## ACTION ITEM:
All the lines below need to be output exactly, apart from any images.

## THE RECORDS:
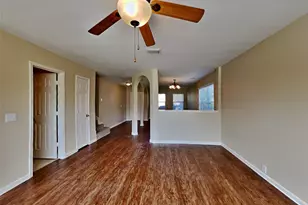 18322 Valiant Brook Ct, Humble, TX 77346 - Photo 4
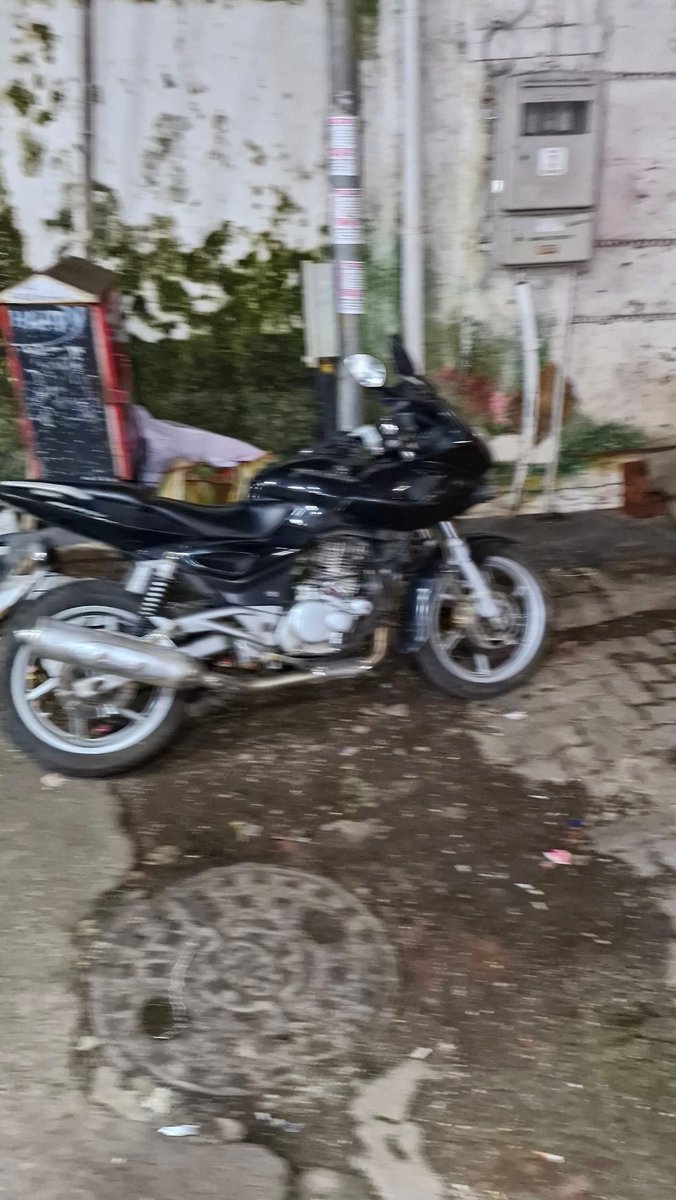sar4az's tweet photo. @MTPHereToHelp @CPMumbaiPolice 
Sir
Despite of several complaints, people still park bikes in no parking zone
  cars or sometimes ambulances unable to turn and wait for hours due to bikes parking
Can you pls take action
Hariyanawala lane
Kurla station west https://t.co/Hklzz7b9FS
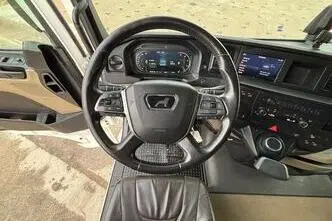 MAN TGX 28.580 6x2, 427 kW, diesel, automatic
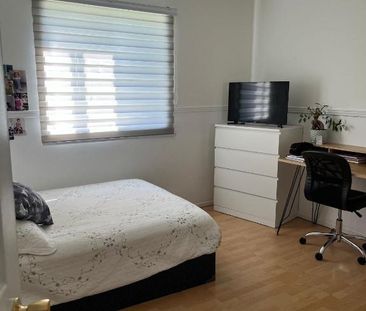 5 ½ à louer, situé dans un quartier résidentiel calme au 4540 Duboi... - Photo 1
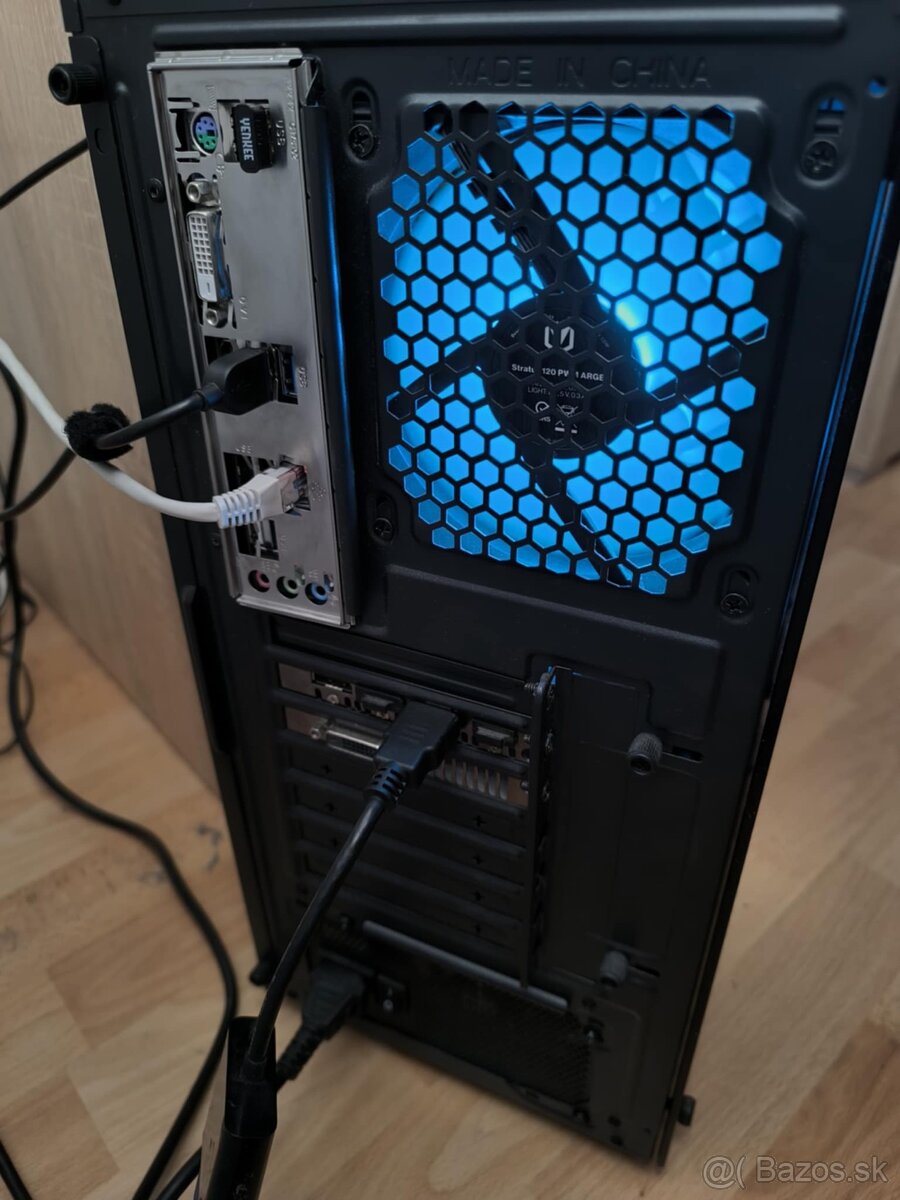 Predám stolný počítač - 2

## TASK RESPONSE:
 18322 Valiant Brook Ct, Humble, TX 77346 - Photo 4
sar4az's tweet photo. @MTPHereToHelp @CPMumbaiPolice 
Sir
Despite of several complaints, people still park bikes in no parking zone
  cars or sometimes ambulances unable to turn and wait for hours due to bikes parking
Can you pls take action
Hariyanawala lane
Kurla station west https://t.co/Hklzz7b9FS
 MAN TGX 28.580 6x2, 427 kW, diesel, automatic
 5 ½ à louer, situé dans un quartier résidentiel calme au 4540 Duboi... - Photo 1
 Predám stolný počítač - 2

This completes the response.